What up? You're listening to Almost Accurate
Feb. 4, 2022

Kentucky Route Zero

Kentucky Route Zero

In this modern time, it can be difficult to fully describe what a game even is. Such is the case with Kentucky Route Zero, something that I fully consider to be a modern masterpiece but calling it a game seems like a complete disservice to what it is. It isn’t a game, it’s a full experience. It’s a surreal trip through rural American, an examination of the runaway effects of unfettered capitalism, the journey of a struggling acholic man weighed down by his past but continues to pull up on those bootstraps so hard they’re libel to snap at any moment. It’s a point and click adventure where (get ready to roll your eyes) the journey is far more important than the destination. While it pained me to type that (it really did), nothing could be more accurate of a description of what you’ll experience by playing this game. Or interacting with it I suppose is a more apt description of what you’ll be doing.

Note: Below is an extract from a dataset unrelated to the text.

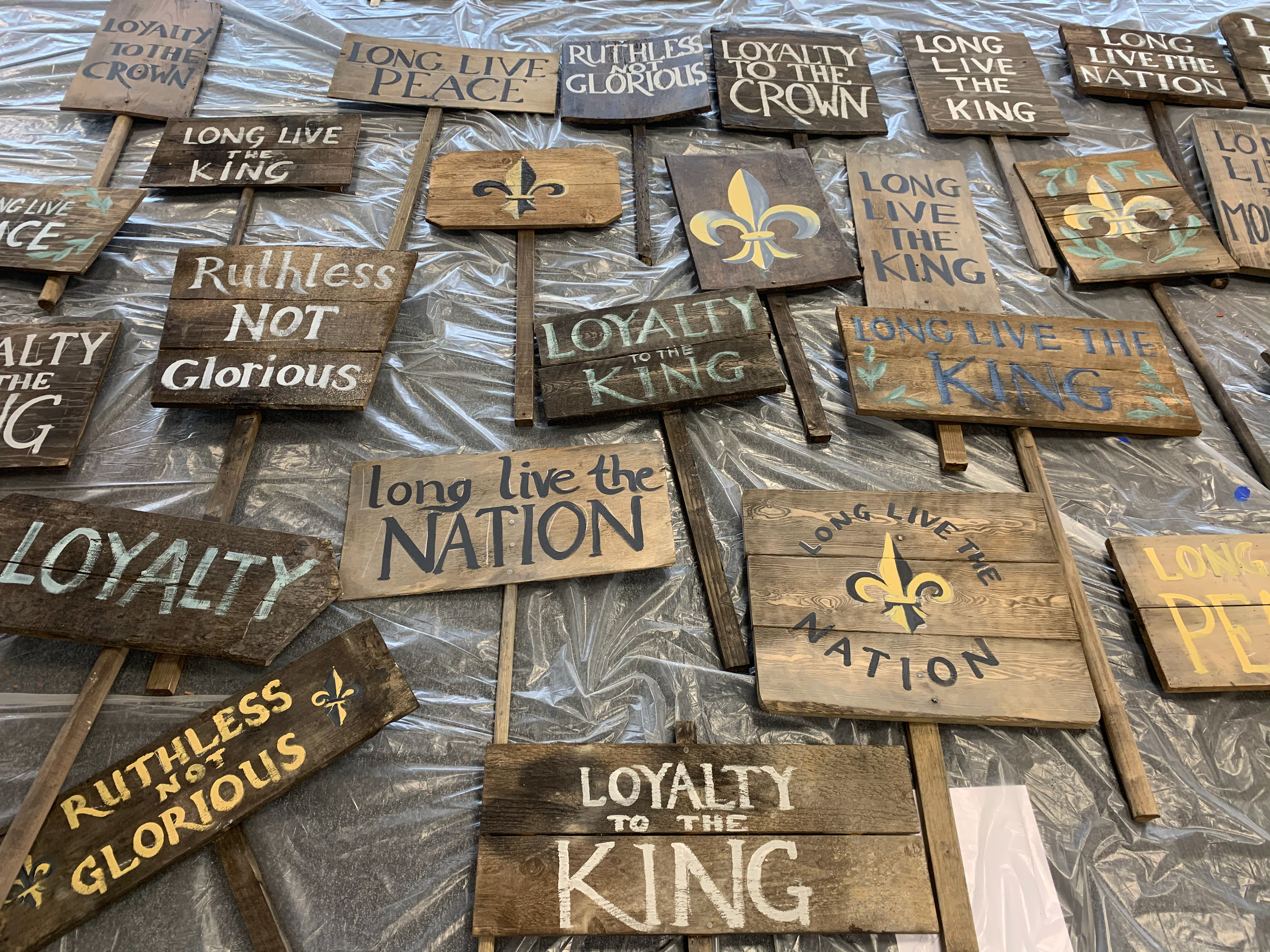 I helped the graphics team paint protest signage on wooden placards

It’s a game where you choose dialogue options, and literally nothing else. On the surface that doesn’t sound like a game, and it barely seems a step above reading a book (imagine something so horrible…) but it’s an experience I couldn’t imagine being presented in any other way. If this were a movie, I don’t think it would have anywhere near the same emotional impact, and if it were a novel, I also don’t think that the written words themselves would come alive and jump off the page at you. It’s something that needs interactivity, that needs the ambience of buzzing cicadas and an omnipresent bluegrass band, and it needs you the player to stumble through the surreal world it places you in, to feel overwhelmed by choice, and feel stunned by its haunting beauty.

 

The set-up of Kentucky Route Zero is a simple one. You begin playing the role of Conway, a man who is already ground down to a pulp by the beginning of the game, a man weighed down by his past, his present, and his lack of a future. All Conway has left to look forward to is completing his final delivery to 5 Dogwood Drive as the antiques company that employees him is finally going out of business. Act I’s stark black background and the beautiful lights of Equus Oils is accompanied only by the humming of crickets on a humid night and the idling of Conway’s truck. One of the first interactions in the game is a simple choice you must make as you observe the few things around you. You see a dog near you “An old hound in a straw hat. Both have seen better days.” After this, the blind gas station attendant askes what the dog’s name is, and the player is presented with three choices.

  • “His name is Homer”
  • “Her name is Blue”
  • “Just some dog. I don’t know his name.”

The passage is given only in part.